Spectral methods efficiency
 

why spectral methods are so efficient(you need only a few points to find out the right solution) on some cases?

Re: Spectral methods efficiency
 

Hi Radu,

Spectral method a high order methods, which means that they evaluate the numerical derivative of the variables (density, velocity, pressure, energy, whatever..) using all the points of the function on the grid. An example will help you to understand best:

a simple finite difference method use the Taylor series in order to numerically evaluate the derivatie:

du/dx = (u(j+1)-u(j-1))/(2*delta x)

or also du/dx = (u(j+1)-u(j))/delta x etc....

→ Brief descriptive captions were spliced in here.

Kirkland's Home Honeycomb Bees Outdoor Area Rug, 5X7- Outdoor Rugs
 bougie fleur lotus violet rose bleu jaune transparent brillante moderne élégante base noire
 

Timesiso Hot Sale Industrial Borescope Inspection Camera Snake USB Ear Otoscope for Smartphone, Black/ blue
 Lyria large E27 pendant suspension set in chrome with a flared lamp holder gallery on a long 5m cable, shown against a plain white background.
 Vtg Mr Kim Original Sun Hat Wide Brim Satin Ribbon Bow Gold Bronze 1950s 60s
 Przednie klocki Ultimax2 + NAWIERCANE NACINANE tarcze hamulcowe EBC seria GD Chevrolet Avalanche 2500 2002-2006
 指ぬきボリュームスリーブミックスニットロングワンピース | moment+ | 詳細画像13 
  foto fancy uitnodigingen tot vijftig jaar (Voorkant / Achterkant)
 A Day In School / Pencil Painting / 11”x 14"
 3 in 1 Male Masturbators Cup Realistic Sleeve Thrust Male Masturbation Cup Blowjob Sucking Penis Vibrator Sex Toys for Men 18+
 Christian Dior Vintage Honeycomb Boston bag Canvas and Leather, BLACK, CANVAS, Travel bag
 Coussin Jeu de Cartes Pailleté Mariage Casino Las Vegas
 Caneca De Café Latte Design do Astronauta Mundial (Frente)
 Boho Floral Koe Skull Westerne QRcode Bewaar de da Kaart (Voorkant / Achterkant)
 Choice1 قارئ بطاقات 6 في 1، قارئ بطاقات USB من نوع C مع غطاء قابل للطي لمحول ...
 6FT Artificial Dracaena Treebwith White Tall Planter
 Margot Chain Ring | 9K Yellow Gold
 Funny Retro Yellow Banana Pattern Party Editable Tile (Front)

It uses only 2 points on the grid (j+1, j-1) to evaluate the derivative.

The spectral methods use basis functions (solutions of the Strum Liouville problem) to expand the function as a series of polynomials, then the derivative of this function is obtained by taking the derivative of the polynomial and making a new series:

ex: Fourier Series:

f(x) = sum exp(-ikx) a(k) , k=-n/2+1, -1, 0, 1, ..n/2.

df(x)/dx = sum -ik exp(-ikx) a(k)

since a(k) is itself obtained from the inverse Fourier Transform and numerically the transform is discrete, a(k) is actually a function of f(x_j) where j is the index of the grid points (x_j are the grid points). Consequently, df(x)/dx is numerically evaluated using all the points on the grid and not just 2!

Now in addition, only a few polynomials are needed to represent a smooth function, and therefore high accuracy can be obtained with only a few points when the function is smooth.

When the function is discontinue, then the spectral methods are actually not good at all, and are very oscillatory (Gibbs phenomenon), which is due to the fact than when the function is not continue, the series does not converge and you actually need an infinite number of terms to represent the function. The same will happend if you try to use a Fourier series to represent a non-periodic function (for example f(x)=x cannot be represented by a Fourier series).

Patrick